Fin 1982, un petit boîtier sous licence Coleco prend place dans les salons américains : la ColecoVision. Forte de sa promesse d’offrir des sensations dignes des bornes d’arcade, elle redéfinit les attentes des joueurs à domicile. Plongeons dans les coulisses de cette console culte, de son architecture à son impact sur un marché en pleine effervescence.
🎮 Puissance arcade : dotée d’un processeur Z80, la ColecoVision proposait un rendu graphique et sonore très au-dessus de ses concurrentes, rapprochant le joueur de l’ambiance des salles d’arcade.

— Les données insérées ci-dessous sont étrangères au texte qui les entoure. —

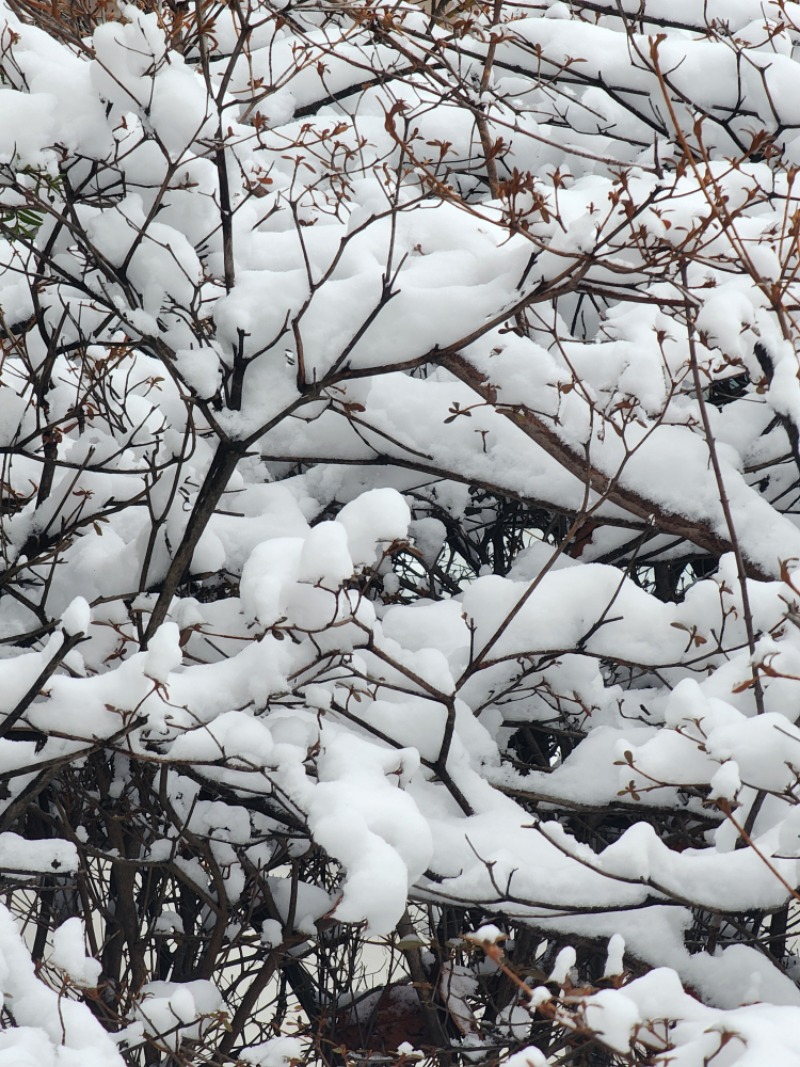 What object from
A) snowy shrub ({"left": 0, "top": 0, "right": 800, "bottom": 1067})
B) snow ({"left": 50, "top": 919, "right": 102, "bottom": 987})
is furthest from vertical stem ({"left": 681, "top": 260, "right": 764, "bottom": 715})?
snow ({"left": 50, "top": 919, "right": 102, "bottom": 987})

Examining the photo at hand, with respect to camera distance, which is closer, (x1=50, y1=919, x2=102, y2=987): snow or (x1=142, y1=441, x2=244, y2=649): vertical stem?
(x1=50, y1=919, x2=102, y2=987): snow

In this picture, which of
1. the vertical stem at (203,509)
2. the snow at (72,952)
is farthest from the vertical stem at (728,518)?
the snow at (72,952)

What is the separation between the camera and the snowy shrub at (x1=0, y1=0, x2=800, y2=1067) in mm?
1664

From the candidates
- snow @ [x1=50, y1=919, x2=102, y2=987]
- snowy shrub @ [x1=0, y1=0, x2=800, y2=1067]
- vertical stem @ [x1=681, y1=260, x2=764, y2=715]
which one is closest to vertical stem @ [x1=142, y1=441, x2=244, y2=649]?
snowy shrub @ [x1=0, y1=0, x2=800, y2=1067]

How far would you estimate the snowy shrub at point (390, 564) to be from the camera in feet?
5.46

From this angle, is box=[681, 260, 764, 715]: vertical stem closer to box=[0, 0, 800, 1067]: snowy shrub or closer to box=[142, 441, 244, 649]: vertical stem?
box=[0, 0, 800, 1067]: snowy shrub

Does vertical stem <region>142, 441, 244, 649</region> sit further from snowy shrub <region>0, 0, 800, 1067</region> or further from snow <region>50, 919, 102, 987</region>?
snow <region>50, 919, 102, 987</region>

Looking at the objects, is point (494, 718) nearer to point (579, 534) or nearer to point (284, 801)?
point (579, 534)

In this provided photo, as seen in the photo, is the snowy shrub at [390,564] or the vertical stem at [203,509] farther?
the vertical stem at [203,509]

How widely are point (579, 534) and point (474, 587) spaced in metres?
0.53

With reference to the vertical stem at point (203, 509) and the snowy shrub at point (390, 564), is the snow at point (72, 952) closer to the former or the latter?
the snowy shrub at point (390, 564)

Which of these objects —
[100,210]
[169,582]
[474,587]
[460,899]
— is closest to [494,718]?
[474,587]

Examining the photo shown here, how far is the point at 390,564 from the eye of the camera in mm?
2863

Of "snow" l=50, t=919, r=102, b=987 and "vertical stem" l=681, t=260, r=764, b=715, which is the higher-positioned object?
"vertical stem" l=681, t=260, r=764, b=715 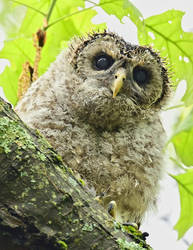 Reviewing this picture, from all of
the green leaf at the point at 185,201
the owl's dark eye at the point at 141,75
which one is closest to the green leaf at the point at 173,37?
the owl's dark eye at the point at 141,75

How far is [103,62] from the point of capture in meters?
3.16

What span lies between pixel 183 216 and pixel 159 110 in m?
0.86

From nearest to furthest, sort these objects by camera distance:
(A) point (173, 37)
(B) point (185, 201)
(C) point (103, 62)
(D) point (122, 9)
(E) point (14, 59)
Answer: (D) point (122, 9), (A) point (173, 37), (B) point (185, 201), (E) point (14, 59), (C) point (103, 62)

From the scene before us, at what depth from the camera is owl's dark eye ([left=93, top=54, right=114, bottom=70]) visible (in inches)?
124

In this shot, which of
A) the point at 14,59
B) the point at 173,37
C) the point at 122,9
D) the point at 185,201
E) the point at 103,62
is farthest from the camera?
the point at 103,62

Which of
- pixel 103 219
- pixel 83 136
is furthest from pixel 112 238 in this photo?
pixel 83 136

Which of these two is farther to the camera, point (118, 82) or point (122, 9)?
point (118, 82)

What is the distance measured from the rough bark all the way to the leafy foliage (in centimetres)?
79

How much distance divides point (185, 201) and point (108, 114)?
2.47 ft

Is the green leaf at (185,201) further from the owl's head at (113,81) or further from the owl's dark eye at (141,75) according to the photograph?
the owl's dark eye at (141,75)

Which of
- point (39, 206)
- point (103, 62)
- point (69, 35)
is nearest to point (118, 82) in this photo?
point (103, 62)

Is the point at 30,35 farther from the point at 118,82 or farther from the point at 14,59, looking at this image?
the point at 118,82

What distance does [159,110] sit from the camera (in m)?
3.34

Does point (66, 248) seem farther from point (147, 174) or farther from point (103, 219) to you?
point (147, 174) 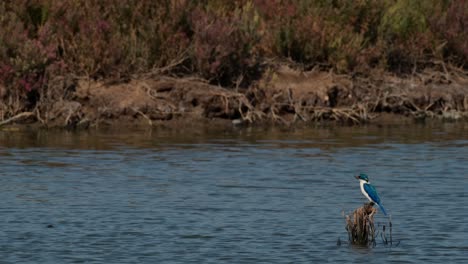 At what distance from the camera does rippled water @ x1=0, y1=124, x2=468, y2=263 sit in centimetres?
1325

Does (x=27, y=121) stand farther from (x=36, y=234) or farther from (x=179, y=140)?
(x=36, y=234)

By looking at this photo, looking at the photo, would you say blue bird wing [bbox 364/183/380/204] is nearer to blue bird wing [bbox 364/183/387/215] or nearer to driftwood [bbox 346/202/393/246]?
blue bird wing [bbox 364/183/387/215]

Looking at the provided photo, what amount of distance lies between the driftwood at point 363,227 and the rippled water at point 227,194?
18 cm

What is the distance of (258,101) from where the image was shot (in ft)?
86.1

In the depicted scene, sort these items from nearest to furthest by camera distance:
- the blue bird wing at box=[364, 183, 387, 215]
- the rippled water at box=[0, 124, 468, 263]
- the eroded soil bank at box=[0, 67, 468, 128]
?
the blue bird wing at box=[364, 183, 387, 215] < the rippled water at box=[0, 124, 468, 263] < the eroded soil bank at box=[0, 67, 468, 128]

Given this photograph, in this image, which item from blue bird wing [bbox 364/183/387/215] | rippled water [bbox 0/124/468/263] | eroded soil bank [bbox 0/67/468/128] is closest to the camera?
blue bird wing [bbox 364/183/387/215]

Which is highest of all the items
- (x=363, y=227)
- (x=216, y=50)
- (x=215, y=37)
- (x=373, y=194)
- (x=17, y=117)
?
(x=215, y=37)

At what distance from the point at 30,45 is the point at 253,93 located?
16.0ft

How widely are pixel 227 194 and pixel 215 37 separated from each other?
935cm

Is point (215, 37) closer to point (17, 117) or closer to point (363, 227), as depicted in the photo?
point (17, 117)

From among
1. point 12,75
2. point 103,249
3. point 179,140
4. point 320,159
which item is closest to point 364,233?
point 103,249

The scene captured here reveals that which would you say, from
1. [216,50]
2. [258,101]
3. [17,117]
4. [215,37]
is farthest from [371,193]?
[215,37]

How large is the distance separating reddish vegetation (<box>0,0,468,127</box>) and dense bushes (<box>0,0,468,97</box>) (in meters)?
0.03

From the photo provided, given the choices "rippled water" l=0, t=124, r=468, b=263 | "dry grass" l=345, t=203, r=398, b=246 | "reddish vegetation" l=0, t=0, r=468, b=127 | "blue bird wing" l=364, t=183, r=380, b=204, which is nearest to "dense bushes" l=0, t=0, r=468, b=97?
"reddish vegetation" l=0, t=0, r=468, b=127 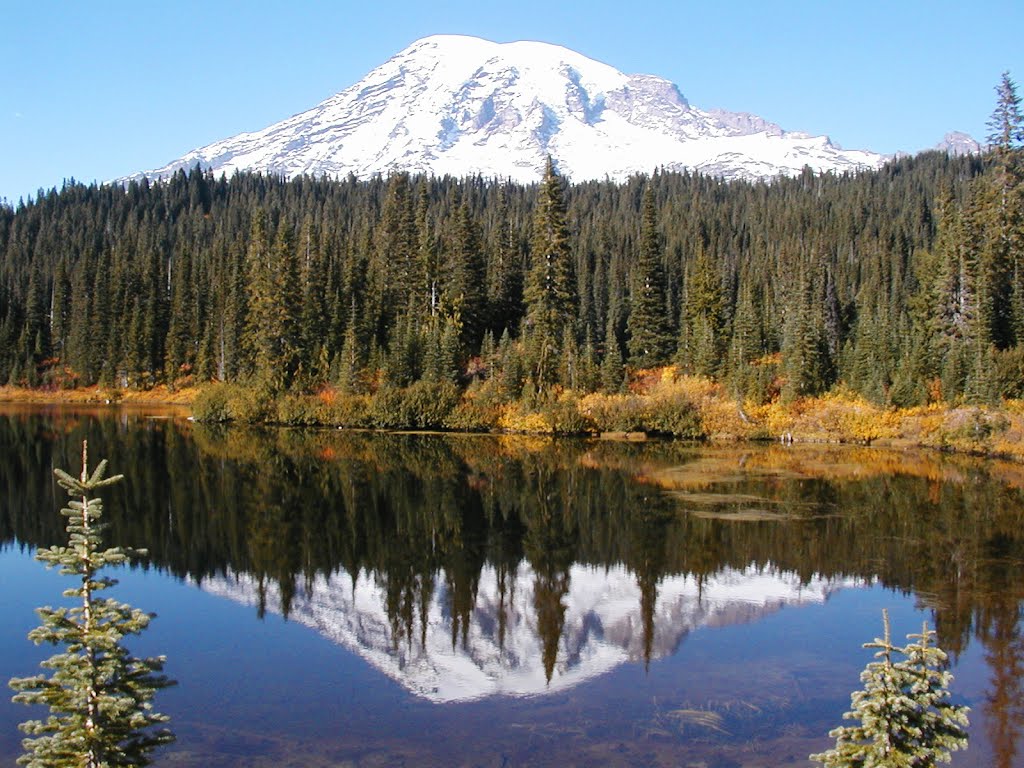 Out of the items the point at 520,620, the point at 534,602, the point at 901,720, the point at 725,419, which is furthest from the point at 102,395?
the point at 901,720

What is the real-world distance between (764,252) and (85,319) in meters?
83.8

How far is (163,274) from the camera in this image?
120m

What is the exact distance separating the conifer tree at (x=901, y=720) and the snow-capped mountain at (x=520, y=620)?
9.53 meters

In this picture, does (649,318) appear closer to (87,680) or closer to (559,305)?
(559,305)

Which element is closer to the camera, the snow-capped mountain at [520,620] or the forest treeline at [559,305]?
the snow-capped mountain at [520,620]

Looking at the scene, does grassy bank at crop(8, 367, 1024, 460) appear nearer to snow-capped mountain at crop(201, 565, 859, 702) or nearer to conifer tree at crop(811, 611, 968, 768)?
snow-capped mountain at crop(201, 565, 859, 702)

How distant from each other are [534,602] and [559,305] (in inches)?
2076

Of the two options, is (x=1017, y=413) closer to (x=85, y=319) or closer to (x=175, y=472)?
(x=175, y=472)

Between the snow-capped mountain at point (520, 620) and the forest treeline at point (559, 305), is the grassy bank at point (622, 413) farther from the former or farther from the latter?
the snow-capped mountain at point (520, 620)

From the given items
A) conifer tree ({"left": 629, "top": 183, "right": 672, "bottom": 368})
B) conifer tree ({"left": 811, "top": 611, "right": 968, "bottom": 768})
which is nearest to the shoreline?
conifer tree ({"left": 629, "top": 183, "right": 672, "bottom": 368})

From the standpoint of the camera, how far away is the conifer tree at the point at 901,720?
9.23 meters

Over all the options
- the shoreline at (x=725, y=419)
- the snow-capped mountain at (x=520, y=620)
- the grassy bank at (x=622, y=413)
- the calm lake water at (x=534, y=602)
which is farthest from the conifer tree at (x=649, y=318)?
the snow-capped mountain at (x=520, y=620)

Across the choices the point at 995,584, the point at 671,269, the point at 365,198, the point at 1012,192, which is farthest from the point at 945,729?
the point at 365,198

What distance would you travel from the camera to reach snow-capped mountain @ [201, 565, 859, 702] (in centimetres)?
1912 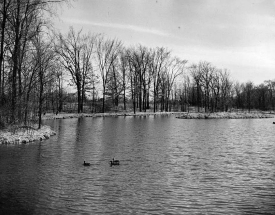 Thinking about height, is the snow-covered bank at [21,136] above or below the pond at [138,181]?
above

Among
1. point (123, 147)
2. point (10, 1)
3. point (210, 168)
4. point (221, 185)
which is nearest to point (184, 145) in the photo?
point (123, 147)

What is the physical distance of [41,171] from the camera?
38.7ft

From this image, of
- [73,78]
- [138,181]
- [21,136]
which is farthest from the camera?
[73,78]

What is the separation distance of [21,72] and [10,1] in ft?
30.5

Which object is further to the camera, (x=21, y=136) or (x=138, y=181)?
(x=21, y=136)

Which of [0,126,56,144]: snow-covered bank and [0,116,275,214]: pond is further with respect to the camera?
[0,126,56,144]: snow-covered bank

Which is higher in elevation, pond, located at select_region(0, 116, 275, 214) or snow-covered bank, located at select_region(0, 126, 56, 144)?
snow-covered bank, located at select_region(0, 126, 56, 144)

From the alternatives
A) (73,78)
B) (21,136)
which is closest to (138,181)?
(21,136)

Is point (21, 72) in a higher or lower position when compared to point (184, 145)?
higher

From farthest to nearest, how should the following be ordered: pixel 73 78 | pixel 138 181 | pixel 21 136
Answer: pixel 73 78 < pixel 21 136 < pixel 138 181

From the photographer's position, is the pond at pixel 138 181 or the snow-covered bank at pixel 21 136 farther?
the snow-covered bank at pixel 21 136

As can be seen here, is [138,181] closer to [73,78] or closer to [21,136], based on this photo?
[21,136]

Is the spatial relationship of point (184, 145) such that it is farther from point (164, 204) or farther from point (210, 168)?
point (164, 204)

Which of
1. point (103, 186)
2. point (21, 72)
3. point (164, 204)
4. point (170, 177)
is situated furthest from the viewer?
point (21, 72) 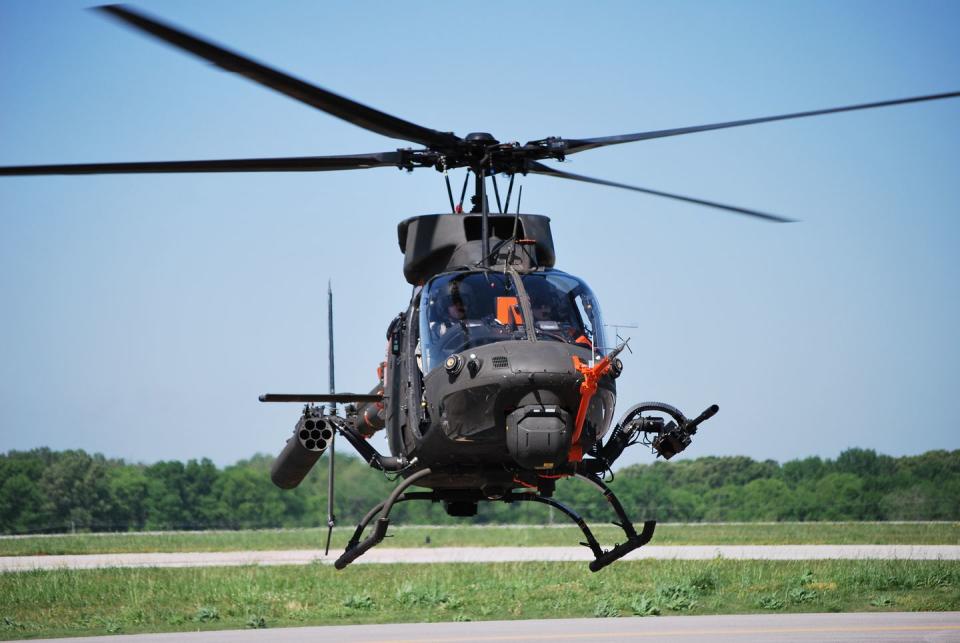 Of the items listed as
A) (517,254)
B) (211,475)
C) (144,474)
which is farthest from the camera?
(211,475)

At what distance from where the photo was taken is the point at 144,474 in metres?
61.2

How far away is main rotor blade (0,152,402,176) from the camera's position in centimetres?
1173

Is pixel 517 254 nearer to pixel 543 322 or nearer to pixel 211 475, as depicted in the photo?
pixel 543 322

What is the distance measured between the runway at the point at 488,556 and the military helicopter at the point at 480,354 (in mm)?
21041

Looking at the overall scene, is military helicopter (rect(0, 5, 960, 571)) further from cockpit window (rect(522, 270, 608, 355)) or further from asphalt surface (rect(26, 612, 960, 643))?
asphalt surface (rect(26, 612, 960, 643))

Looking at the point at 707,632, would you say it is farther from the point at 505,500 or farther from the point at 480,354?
the point at 480,354

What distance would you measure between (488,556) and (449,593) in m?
13.0

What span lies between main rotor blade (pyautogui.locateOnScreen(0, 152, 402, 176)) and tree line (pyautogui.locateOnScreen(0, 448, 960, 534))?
128 feet

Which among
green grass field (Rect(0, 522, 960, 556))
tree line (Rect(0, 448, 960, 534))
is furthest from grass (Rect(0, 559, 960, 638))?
tree line (Rect(0, 448, 960, 534))

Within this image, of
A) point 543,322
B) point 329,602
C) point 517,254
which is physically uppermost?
point 517,254

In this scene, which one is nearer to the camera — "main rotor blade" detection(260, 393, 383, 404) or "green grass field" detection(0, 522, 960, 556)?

📦 Catalogues variés : avec plus de 30 titres à son lancement, dont le mythique Donkey Kong, elle a su combiner licences Atari et exclusivités Coleco pour fidéliser son public.
💾 Fiche technique claire : 1 MHz de fréquence, 8 Ko de RAM et des cartouches interchangeables, voilà les ingrédients essentiels de sa configuration.
🏆 Place sur le marché : face à l’Atari 2600, l’Intellivision et quelques micro-ordinateurs (ZX Spectrum, VIC-20), elle s’est imposée grâce à sa qualité visuelle et ses adaptations proches des bornes.
Sommaire
Genèse et ambitions
En 1982, Coleco—déjà célèbre pour ses consoles Intellivision—cherche à se positionner plus haut en gamme. L’objectif : offrir à domicile une expérience arcade authentique. Pour cela, l’entreprise collabore avec Nintendo pour intégrer le hit Donkey Kong en cartouche et mise sur un design compact, presque plug-and-play. L’idée est simple : pas de câblage complexe, juste une entrée dédiée à la manette « joysticks + pavé numérique » et on lance directement la partie.
Architecture et design
Processeur et mémoire
Au cœur de la ColecoVision bat un Zilog Z80 cadencé à 3,58 MHz, épaulé par 8 Ko de RAM et 16 Ko de ROM vidéo. Cette configuration semble modeste à l’heure des micro-ordinateurs, mais optimisée pour le jeu, elle délivre un rendu fluide et coloré.
Supports et cartouches
Les jeux, insérés sous forme de cartouches, exploitent un bus 16 bits pour l’adressage, permettant des titres plus complexes que sur Atari 2600. Certaines cartouches étendent même la mémoire grâce à des banques supplémentaires, ouvrant la voie à des univers plus vastes.
Fiche technique
| Élément | Caractéristique |
|---|---|
| Processeur | Zilog Z80 @ 3,58 MHz |
| Mémoire vive | 8 Ko |
| ROM graphique | 16 Ko |
| Son | 3 voies PSG + 1 percussion |
| Support | Cartouches 8 bits (avec extensions possibles) |
| Sortie vidéo | RF + Composite |
Catalogue et titres emblématiques
Peu de consoles peuvent se vanter d’avoir inauguré un hit comme Donkey Kong en version quasi-identique à l’arcade. À cela s’ajoutent des adaptations réussies de Mouse Trap, Venture ou Smurf Paint ‘n’ Play. L’éditeur Coleco diversifie aussi son offre avec des licences sportives et des hits familiaux, attirant un public plus large.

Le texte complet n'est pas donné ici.